- From: Vipul S. Chawathe <Engineer@VipulSChawathe.ind.in>
- Date: Sat, 12 Jan 2013 03:12:07 +0530
- To: "'Ian Hickson'" <ian@hixie.ch>
- Cc: whatwg@lists.whatwg.org
>From: Ian Hickson [mailto:ian@hixie.ch] >To: Henri Sivonen >On Fri, 11 Jan 2013, Henri Sivonen wrote: >> Hixie wrote in https://www.w3.org/Bugs/Public/show_bug.cgi?id=18669#c31 : >> > I think it's fine for this not to work in XML, or require XML >> > changes, or use an attribute like xml:component="" in XML. It's not >> > going to be used in XML much anyway in practice. I've already had >> > browser vendors ask me how they can just drop XML support; I don't >> > think we can, at least not currently, but that's the direction >> > things are going in, not the opposite. > >> This attitude bothers me. A lot. > >> I understand that supporting XML alongside HTML is mainly a burden for >> browser vendors and I understand that XML currently doesn't get much >> love from browser vendors. >Not just browser vendors.

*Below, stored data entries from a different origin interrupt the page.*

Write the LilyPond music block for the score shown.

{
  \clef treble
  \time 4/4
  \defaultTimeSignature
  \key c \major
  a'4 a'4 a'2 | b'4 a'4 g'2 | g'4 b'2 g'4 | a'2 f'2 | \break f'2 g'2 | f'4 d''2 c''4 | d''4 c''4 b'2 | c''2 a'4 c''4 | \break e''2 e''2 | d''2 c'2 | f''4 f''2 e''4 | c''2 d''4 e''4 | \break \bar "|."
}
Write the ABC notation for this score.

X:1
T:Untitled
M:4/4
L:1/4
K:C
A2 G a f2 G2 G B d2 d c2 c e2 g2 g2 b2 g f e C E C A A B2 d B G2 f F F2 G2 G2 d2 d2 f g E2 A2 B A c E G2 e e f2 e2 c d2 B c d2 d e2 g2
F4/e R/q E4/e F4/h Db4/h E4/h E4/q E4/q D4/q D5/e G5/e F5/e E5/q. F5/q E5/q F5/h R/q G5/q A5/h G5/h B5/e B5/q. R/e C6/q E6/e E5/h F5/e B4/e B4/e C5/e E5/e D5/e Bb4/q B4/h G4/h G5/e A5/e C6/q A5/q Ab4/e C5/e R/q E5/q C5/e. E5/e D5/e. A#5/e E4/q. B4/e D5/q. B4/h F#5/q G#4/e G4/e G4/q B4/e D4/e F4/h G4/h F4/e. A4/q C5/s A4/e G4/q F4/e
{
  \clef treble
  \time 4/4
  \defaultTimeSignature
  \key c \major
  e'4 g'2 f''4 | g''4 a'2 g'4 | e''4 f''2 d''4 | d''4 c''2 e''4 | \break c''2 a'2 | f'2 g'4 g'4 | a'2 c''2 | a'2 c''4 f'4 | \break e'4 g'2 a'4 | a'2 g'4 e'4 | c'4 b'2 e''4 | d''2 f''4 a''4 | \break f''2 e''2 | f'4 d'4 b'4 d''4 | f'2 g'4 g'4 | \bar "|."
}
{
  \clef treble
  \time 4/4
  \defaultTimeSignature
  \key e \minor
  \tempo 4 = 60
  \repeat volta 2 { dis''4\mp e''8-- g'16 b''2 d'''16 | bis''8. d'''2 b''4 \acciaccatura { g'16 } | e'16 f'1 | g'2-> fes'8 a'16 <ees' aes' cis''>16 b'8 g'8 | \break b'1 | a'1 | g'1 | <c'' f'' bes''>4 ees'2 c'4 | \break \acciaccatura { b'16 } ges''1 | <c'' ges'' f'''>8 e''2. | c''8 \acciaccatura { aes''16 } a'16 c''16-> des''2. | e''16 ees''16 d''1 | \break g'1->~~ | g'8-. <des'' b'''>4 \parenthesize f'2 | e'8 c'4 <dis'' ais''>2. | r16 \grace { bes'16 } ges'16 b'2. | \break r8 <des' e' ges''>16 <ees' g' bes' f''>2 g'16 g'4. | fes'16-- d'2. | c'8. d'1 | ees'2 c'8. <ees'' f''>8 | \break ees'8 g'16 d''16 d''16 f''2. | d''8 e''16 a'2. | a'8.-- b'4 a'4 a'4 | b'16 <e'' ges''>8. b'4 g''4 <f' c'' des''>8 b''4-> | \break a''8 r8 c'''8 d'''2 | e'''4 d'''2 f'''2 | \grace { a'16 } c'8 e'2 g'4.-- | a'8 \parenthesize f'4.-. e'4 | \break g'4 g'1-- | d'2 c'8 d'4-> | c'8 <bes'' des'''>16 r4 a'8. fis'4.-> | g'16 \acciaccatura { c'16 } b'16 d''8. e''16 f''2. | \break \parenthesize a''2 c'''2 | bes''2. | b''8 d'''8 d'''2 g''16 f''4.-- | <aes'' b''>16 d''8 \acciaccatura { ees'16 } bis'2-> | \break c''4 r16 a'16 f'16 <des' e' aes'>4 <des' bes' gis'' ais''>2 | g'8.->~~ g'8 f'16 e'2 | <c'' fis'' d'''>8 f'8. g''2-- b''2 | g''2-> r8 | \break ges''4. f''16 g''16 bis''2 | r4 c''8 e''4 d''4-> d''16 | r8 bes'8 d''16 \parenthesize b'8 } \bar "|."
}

Authors rarely if ever use XML for HTML either. >> Still, I think that as long as browsers to support XHTML, we'd be >> worse off with the DOM-and-above parts of the HTML and XML >> implementations diverging. >Sure, but if on the long term, or even medium term, they don't continue to support XHTML, this is no longer a problem. It's okay for authors who leave deploying content to publisher to stop with looking at html appearance from browser to users. Xhtml's fewer publishers maybe bonded abit over-tightly with it if their quantity is lesser considering how helpful transforms are. Repetitive content over-counted is more likelier for html than transformable xml serializations. The publisher may favour plug-ins for flash, jvm, Silverlight and whichever else. However, small publishers who are impacted by semantic significance of content grasped by search engine, oft deliver same data using link tag with rel="alternate" attribute than difficult to index proprietary plug-in based formats. The alternate representation might be atom, rdf, ... using grddl xslt or some such html sibling spec, so xhtml may not be well-supported but vanilla support is another matter. For my personal interest, I'm looking forward to seamless iframes, though styled iframe does hide the frame appearance for javascript that breaks on main xhtml page, and place it in another page that's plain html. My point is, if the spec can be precise w. r. t. DOM to avoid usability breakage in xhtml, then the spec hopefully will be precise, leaving aside when xhtml should be considered dead to user-supporters at present.